Improved pest management in cotton
The project will seek to explore the potential for sensing technologies and machine learning to be used for cotton pest detection and quantification and how such information might be used to inform pest management decision making. Benefits to the industry and community include rapid and accurate collection of diagnostic data that can be used for better decision making; optimising labour use; and optimising deployment of control practices that may result in less pesticide usage within the environment and reduced selection pressure for resistance.
Remote catchbox deployment
An extension to work previously completed under the bee pest surveillance program. This project focuses on the refinement, development and deployment of improved Remote Catchboxes (RCBs) and ongoing service of the RCBs as part of the overarching National Bee Pest Surveillance Program. Project will begin with a trial of the refined RCB in Queensland monitored by QDAF & USQ, and if successful will then require 40 improved RCB’s to be deployed nationally and monitored. This will enable long‐term efficiency in data collection and sensitivity to capture bee swarms with remote catchboxes and expand the surveillance coverage in areas that are either geographically remote or with restricted access of high risk concern.

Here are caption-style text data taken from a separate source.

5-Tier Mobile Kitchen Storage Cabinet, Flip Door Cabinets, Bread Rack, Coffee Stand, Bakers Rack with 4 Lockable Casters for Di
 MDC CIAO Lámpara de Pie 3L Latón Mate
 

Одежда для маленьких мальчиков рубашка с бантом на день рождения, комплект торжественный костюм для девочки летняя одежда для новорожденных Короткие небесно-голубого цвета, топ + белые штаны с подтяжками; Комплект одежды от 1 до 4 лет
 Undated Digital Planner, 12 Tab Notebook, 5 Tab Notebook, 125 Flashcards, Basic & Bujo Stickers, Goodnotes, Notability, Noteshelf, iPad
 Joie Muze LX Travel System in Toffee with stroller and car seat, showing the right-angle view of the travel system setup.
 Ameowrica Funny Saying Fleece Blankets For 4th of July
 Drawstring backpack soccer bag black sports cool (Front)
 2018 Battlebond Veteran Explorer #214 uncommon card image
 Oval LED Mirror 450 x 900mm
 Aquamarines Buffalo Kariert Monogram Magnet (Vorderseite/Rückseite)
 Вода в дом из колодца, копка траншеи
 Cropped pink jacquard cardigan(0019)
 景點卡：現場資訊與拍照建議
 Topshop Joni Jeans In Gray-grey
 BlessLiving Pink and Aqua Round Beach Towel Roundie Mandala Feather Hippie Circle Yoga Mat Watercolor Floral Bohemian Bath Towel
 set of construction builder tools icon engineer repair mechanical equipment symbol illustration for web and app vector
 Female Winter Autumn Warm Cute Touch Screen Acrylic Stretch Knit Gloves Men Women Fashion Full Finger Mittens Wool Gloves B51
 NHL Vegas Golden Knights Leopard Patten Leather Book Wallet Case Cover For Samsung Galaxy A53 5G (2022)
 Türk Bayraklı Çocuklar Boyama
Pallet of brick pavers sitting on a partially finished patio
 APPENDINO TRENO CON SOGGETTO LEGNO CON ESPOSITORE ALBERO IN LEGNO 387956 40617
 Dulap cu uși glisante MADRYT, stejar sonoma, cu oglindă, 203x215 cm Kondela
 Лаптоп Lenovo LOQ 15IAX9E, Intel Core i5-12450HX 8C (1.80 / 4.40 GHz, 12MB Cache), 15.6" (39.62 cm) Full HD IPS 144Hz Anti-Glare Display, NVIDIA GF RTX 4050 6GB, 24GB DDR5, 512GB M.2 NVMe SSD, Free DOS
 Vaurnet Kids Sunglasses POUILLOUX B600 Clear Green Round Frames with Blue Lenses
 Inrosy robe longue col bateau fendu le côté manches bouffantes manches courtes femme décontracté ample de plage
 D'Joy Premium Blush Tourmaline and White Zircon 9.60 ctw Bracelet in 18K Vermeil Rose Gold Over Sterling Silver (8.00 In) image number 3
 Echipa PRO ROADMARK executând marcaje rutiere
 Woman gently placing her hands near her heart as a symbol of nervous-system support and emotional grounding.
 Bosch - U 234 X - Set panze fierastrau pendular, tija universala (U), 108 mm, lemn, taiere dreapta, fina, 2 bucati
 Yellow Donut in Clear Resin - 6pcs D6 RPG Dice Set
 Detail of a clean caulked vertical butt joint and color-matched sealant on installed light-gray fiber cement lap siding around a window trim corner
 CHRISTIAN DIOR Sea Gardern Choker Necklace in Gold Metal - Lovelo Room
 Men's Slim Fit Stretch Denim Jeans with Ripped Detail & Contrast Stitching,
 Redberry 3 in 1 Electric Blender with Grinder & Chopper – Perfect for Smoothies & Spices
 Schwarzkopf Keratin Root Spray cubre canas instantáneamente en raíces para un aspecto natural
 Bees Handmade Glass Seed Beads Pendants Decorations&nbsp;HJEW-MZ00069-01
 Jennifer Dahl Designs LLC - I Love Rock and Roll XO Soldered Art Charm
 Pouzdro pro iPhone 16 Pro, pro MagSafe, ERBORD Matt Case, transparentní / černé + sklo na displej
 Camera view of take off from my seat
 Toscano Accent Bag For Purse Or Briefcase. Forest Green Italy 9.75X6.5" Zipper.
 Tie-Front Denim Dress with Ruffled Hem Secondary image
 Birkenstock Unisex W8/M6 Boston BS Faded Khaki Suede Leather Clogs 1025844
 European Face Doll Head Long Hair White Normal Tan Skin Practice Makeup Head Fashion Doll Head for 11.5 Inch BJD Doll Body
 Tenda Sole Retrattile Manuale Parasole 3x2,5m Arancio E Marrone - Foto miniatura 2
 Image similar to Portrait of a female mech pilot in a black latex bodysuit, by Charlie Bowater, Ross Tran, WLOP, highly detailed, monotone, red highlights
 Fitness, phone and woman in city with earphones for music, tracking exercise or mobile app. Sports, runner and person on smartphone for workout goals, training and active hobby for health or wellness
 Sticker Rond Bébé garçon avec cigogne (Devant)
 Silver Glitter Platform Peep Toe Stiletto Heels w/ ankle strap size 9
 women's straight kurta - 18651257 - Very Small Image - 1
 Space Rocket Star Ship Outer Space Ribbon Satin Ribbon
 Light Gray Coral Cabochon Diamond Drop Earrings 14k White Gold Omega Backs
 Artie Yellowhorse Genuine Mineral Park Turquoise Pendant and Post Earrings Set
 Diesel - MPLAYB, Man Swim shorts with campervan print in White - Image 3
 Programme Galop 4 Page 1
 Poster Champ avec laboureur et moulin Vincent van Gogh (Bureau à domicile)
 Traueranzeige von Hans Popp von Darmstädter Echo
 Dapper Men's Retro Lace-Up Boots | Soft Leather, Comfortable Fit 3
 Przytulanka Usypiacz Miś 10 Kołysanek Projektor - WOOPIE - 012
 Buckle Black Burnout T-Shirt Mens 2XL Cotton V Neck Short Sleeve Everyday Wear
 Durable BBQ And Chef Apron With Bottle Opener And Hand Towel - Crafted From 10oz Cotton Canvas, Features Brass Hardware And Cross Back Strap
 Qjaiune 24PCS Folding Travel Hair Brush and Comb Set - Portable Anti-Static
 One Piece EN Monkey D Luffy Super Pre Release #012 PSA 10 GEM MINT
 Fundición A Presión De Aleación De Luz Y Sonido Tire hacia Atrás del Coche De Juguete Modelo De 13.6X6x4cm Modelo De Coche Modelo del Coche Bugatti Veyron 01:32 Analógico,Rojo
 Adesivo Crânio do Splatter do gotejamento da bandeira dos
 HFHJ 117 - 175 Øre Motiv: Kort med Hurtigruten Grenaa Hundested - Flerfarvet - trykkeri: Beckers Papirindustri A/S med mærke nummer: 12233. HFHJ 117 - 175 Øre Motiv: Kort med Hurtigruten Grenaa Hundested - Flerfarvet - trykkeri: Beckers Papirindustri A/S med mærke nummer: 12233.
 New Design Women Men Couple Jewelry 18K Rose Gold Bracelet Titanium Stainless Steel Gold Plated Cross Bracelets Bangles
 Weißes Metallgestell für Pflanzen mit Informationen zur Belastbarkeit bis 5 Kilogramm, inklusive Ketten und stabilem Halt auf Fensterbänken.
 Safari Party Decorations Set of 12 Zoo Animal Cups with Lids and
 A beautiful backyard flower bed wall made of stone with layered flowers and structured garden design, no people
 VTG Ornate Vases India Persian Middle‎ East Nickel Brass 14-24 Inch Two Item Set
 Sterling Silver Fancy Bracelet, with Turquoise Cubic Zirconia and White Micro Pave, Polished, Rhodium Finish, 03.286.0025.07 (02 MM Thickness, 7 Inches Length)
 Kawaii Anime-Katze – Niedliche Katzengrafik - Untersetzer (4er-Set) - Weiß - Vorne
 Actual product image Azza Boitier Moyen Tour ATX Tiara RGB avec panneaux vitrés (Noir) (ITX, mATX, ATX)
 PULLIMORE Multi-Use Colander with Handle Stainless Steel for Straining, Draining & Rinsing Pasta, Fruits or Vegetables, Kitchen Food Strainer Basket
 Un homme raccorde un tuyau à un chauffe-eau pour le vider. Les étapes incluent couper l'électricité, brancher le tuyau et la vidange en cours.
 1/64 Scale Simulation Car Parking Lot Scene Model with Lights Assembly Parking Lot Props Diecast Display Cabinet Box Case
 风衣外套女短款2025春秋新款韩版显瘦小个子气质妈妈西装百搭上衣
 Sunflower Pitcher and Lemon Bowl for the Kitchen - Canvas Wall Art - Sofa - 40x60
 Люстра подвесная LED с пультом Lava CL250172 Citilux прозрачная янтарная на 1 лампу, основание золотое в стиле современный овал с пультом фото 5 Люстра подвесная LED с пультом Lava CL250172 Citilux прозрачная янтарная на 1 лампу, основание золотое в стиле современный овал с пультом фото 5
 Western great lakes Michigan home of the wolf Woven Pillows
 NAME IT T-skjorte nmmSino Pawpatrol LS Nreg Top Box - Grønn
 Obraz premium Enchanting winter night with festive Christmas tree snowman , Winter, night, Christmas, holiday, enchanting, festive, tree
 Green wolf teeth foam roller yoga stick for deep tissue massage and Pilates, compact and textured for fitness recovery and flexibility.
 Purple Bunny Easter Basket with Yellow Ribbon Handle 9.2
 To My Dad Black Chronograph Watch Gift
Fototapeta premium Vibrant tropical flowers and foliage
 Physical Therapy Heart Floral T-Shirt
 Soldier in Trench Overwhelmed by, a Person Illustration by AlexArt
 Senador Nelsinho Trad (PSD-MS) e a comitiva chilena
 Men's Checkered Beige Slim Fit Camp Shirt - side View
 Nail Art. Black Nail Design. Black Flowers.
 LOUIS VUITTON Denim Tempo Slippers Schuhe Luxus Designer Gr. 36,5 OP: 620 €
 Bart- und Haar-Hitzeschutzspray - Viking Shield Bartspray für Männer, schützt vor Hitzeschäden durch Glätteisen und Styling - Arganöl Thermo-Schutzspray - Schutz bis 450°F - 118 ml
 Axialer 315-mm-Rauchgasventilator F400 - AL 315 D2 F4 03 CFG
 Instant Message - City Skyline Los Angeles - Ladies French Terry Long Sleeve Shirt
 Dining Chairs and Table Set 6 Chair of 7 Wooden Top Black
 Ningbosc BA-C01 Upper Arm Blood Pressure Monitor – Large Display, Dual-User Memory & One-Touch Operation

Future Farm Phase 2: Improving farmer confidence in targeted nitrogen management through automated sensing and decision support
The Future Farm Program aims to re-examine and improve the way in which soil and crop sensors are used to inform decisions about input management and to provide a way of automating the process from data acquisition, through analysis, to the formulation and implementation of decision options. It is expected that by 2025, Australian grain growers will be generating a minimum 15% increase in return on investment from nitrogen fertiliser applications in winter cereals and by 2023, the generation of the knowledge, datasets and IP required to develop automated sensing and management applications for various end-use applications in farming systems and tactical agronomy.
Sugar Research Australia: Harvester losses
Sugarcane losses from harvesting is estimated at 10% to 40%. Factors such as the speed of the harvester and the speed of the extractor fan affect how much extraneous matter is retained, and the quantity of billets and sugar cane juice lost during harvesting. The project will develop a novel proof-of-concept Machine Vision System for real-time estimation of cane losses during harvest (i.e. imaging to detect billet particles and juice that falls onto trash blanket). Hence, the harvester operator can potentially adjust harvester operational parameters and amount of loss in response to real-time conditions.